Eventually, the characters should piece together enough to get well beyond these barebones facts: Lavandril Talmost is no bedchamber rake, but he was making offers to desperate nobles on behalf of a cabal of merchants and fell wizards. The cabal wants to seize rule over Waterdeep in a coup, but is well aware that to hold the city after they've seized it, they will need the support of a substantial number of nobles. The Open Lord, Palace bureaucracy, and Masked Lords have their faults and grumbling detractors, but they are what the city has been used to for centuries now, and they cannot lightly be replaced.
So the cabal identified nobles in financial trouble who don't smile upon and aren't loved by the Open Lord or the courtiers at the Palace, and sought their support. Those who gave it are now being assembled in hiding so they'll emerge unscathed from the coup an unwitting city is now rushing to encounter. The bait for these nobles is that the cabal has promised that their debts will be entirely paid off. (And those nobles who spurned the offer are being silenced, one by one, to keep word of the coming coup attempt from reaching the Palace and the Open and Masked Lords.)

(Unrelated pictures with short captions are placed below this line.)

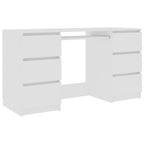 Modern Wooden Home Office Computer Desk Table With 6 Storage Drawers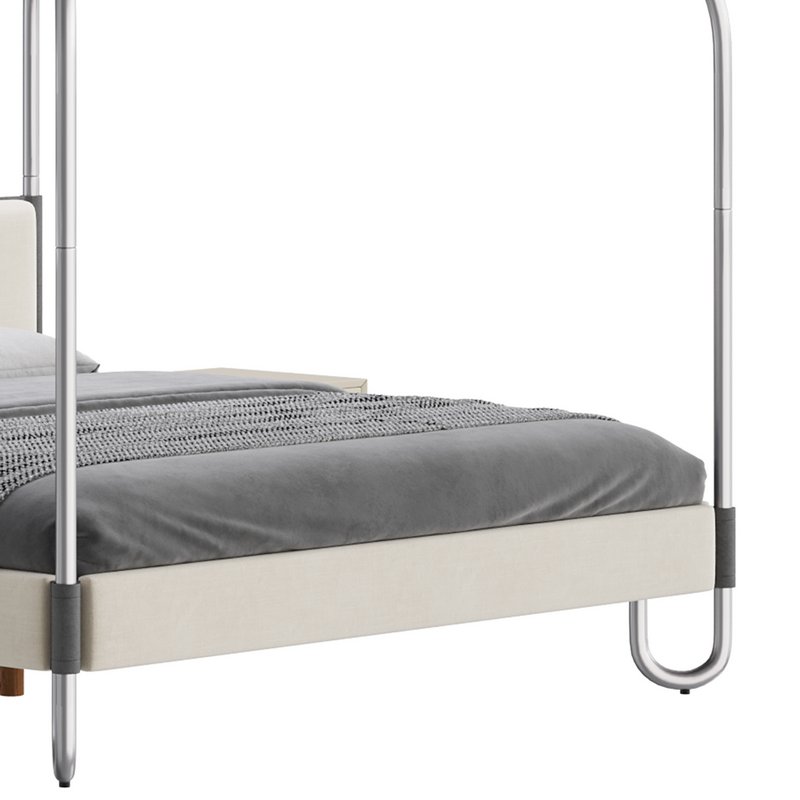 Gracia King Upholstered Canopy bed Image 9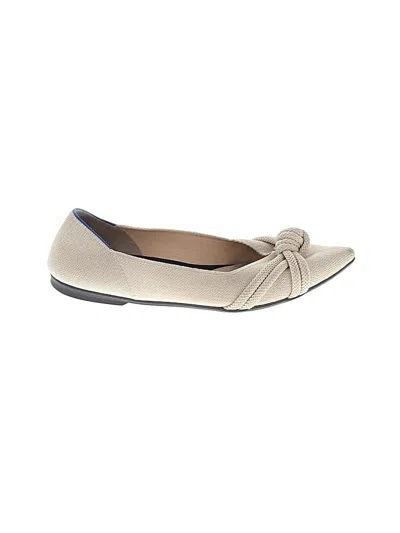 Pre-owned Rothys Flats In Ivory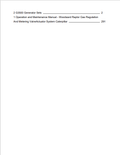 Caterpillar Cat G3520C Generator Set Operation and Maintenance Manual PDF | S/N GZN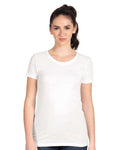 Next Level 1510 Women's Ideal T-Shirt - White - model front
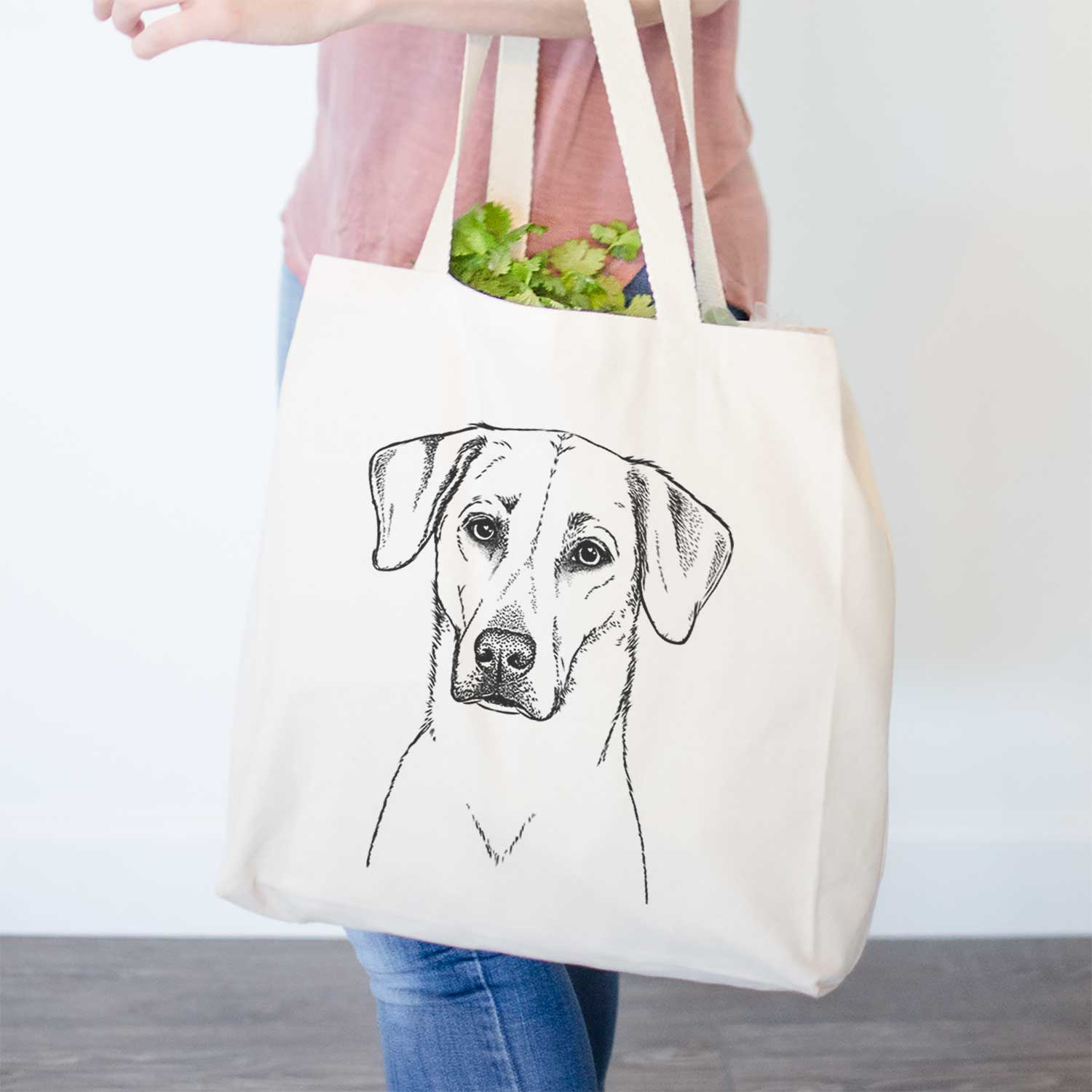 Charlie Girl the Yellow Lab - Tote Bag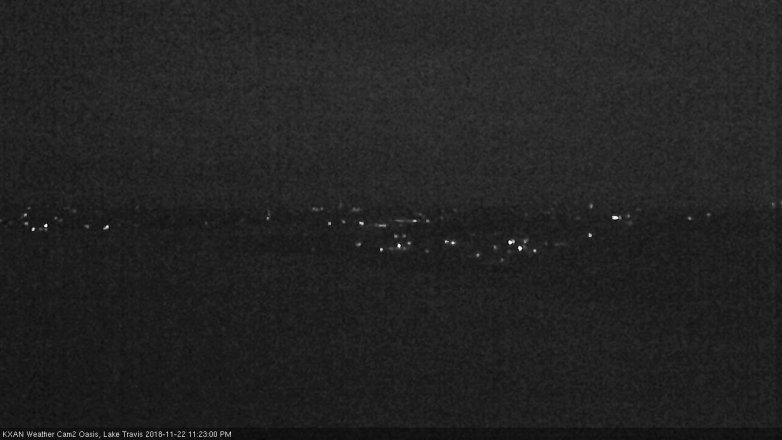 Lake Travis webcam, November 22, 2018 10:25 PM CT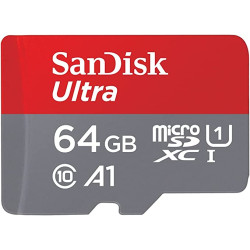 карта SanDisk Ultra Micro SDXC 64GB UHS-I 140MB/S + SD Adapter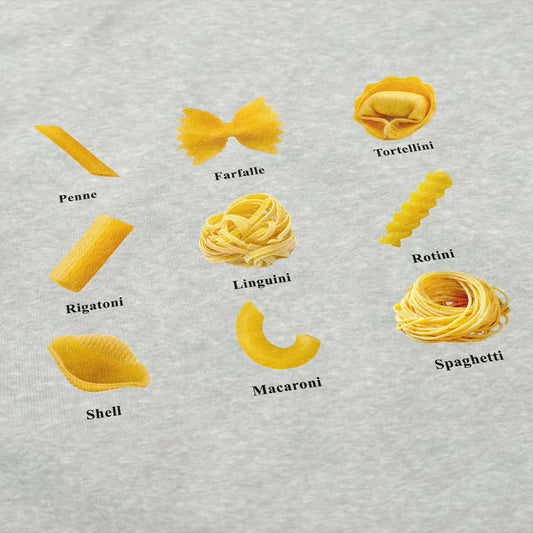 Shapes of Pasta Crewneck Sweatshirt - Middle Class Fancy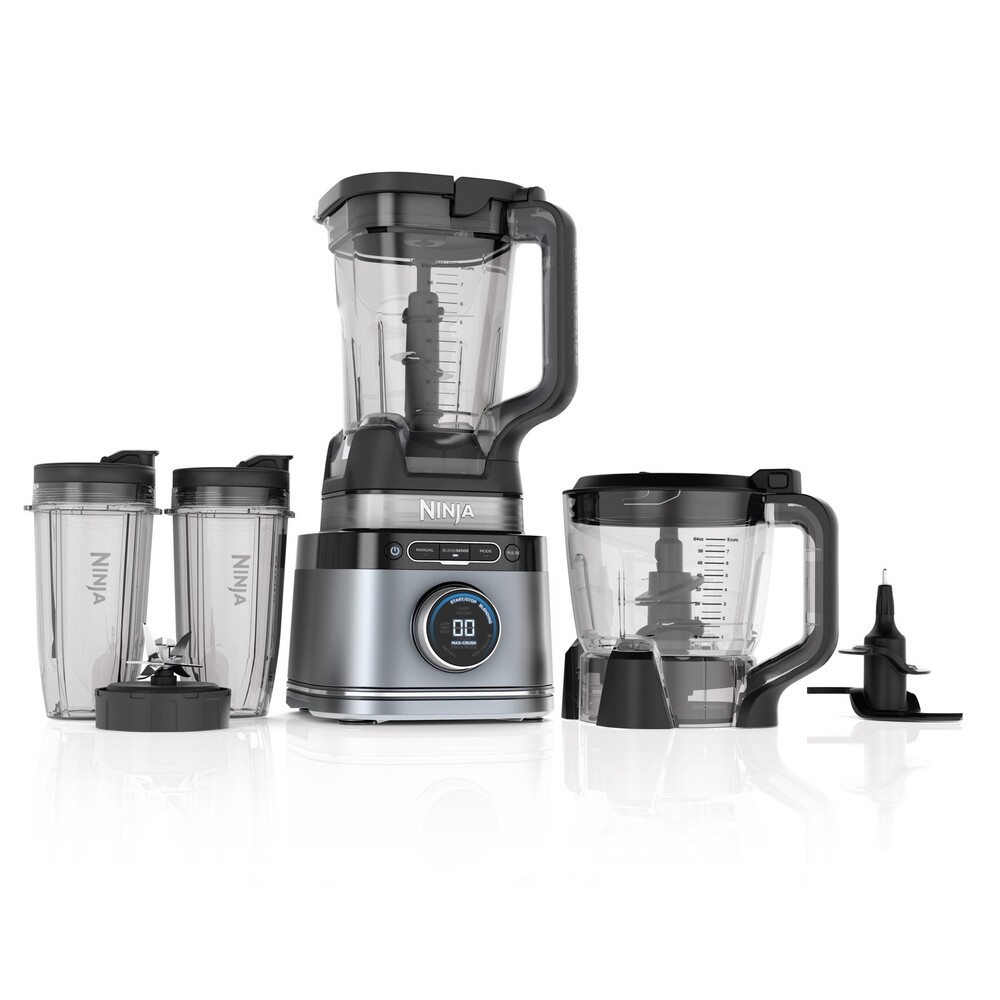 Ninja Detect Power Kitchen System with BlendSense Technology, Silver, 1700W, 72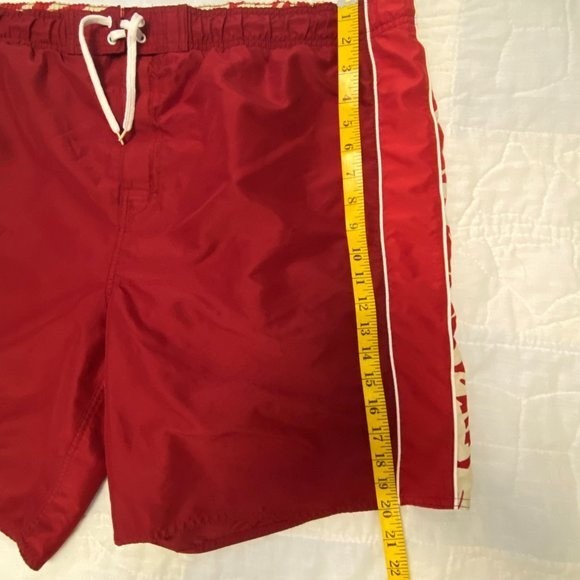 Men's XXL swimsuit, Red and cream with liner, 100% Polyester - Picture 8 of 8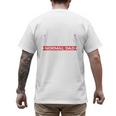 I'm A K-Pop Dad Just Like Normal Dad Except Much Cooler Men's Back Print T-Shirt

All this can easily be a lively background that occasionally smites and frustrates characters more interested in their own dungeon delving, shady investments, and "honest day jobs"—but at the same time it ups the stakes and excitement for everything the characters do.
After all, Waterdeep can easily ignore adventurers engaged in their own forays into Undermountain or the beast-roamed wilderlands, and still more easily dismiss or overlook adventurers boasting of heroic exploits over tankards in taverns south of the Market or Castle Waterdeep.
But characters being hunted by agents of a shadowy cabal, or by the liveried bodyguards of half a dozen missing nobles, or for that matter openly working for the Open Lord or taking orders from Masked Lords, are quite likely to themselves be a central feature in the latest current clack racing from one end of the city to the other (and growing with each retelling, of course).
As one of my players said, in character, "I quite like being ten feet tall, leaving a trail of bodies in my wake, and surviving a curse sent from the Nine Hells as I deal with dragons—all before I even get out of bed in the morning and pull my boots on!"
Whether her character will quite like going up against the nastier wizards in the cabal is something that remains to be seen. Soon.